Processing Data from MQ with Spark Streaming: Part 1 - Introduction to Messaging, JMS & MQ
This is a multi-part series that provides information on messaging, including fault-tolerance techniques, and provide instruction and code to implement a connection between IBM MQ (formerly WebSphere MQ) and Spark Streaming.
Part 1 — Introduction to Messaging, JMS & MQ
Part 2 — Brief Discussion on Apache Spark Streaming and Use-cases
Part 3 — Reliable Delivery & Recovery Techniques with Spark Streaming
Part 4 — Implementation details for Spark MQ Connector
Part 1 — Introduction to Messaging, JMS & MQ
Introduction to messaging
Messaging is a method of communication between applications or software components. In a messaging system, a client sends a message to a message broker. The recipient of the message can then connect to the same broker and read the message. The sender (also known as producer) and recipient (also known as consumer) do not need to be available at the same time to communicate. They also only need to know the name and address of the message broker to talk to and have little or no knowledge of each other, this design is referred to as loosely coupled.
Terminology
Message — A collection of data sent by one program intended for another program
Client — The program that sends and/or receives messages to/from another client
Message Broker — A client connects to a message broker to send a message and another client can then connect to the same message broker to receive it
Queue — The destination to which messages can be sent; messages accumulate on queues until they are retrieved by the consumer of that queue (client)

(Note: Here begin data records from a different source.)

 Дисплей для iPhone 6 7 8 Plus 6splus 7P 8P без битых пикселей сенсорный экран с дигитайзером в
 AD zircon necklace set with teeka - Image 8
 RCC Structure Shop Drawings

Queue Manager — A queue manager is a system program that provides additional queuing services (e.g. allow for administrators to alter the properties of existing queues)
Channels — (important for IBM MQ) A configuration/protocol that defines the communication path between the queue manager and another queue manager or a client application
A great analogy I heard for messaging systems relates to restaurants. The waiter must get an order to the chef to be prepared but they don’t directly interact. The waiter and chef are both clients in this scenario and the terminal, or point-of-sale system, that takes the order from the waiter and delivers it to the chef is the message broker. The orders sit on a queue for the chef who then takes them in the order they were placed.

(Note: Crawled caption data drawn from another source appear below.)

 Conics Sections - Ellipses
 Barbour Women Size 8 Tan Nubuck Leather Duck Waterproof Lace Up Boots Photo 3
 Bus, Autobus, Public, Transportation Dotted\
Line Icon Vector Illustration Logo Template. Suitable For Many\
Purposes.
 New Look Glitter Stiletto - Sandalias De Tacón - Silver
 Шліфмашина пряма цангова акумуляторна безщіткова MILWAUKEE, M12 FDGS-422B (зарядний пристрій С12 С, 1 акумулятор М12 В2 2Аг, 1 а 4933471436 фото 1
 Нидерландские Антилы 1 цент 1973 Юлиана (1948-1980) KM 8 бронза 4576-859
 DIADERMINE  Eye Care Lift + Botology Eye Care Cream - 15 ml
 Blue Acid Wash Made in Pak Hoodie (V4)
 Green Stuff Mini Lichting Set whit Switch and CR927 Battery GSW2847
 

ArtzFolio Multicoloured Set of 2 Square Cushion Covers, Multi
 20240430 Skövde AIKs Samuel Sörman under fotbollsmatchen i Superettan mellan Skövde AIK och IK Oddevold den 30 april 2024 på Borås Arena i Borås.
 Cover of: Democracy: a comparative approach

Topic — A topic describes the subject of the information that is published. Multiple clients can subscribe to a topic and all will receive the messages
With a queue, only one client will receive the message. Topics allow for many clients to receive the same message.

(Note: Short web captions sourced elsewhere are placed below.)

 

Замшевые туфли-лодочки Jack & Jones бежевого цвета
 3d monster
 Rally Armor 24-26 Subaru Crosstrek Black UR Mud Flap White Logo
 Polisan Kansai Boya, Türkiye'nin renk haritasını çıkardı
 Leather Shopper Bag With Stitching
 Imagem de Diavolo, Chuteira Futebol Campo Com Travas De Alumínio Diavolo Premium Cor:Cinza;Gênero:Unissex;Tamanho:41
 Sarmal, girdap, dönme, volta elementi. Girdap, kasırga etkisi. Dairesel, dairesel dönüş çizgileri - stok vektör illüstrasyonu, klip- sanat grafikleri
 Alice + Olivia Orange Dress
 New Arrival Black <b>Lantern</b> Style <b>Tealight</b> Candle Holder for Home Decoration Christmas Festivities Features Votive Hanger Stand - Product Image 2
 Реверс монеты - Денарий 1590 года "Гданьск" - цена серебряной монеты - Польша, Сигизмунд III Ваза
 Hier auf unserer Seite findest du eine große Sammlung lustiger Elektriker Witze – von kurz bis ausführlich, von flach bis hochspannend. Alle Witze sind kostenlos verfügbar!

Within the restaurant analogy, if more than one chef needs to know about certain orders then topics could be used. Let’s have an example of two topics, one for pizza and the other for burgers. There’s only one chef that is in charge of burgers so they have subscribed to that queue. However, for pizza, there are two chefs, one that prepares the base and the other in charge of toppings. They both subscribe to the “pizza” topic and receive the same order.
When I was trying to understand terminologies, I found the IBM Knowledge Center Message queuing terminology page useful.
JMS & IBM MQ
Java Message Service (JMS) is a specification for implementing a messaging system. It provides an API for creating, sending and receiving messages. Aside from being loosely coupled, it is also asynchronous meaning that messages are delivered as they arrive and do not require the consumer to ask for the message. It is also reliable meaning there are methods in place that ensure a message can be delivered once and only once.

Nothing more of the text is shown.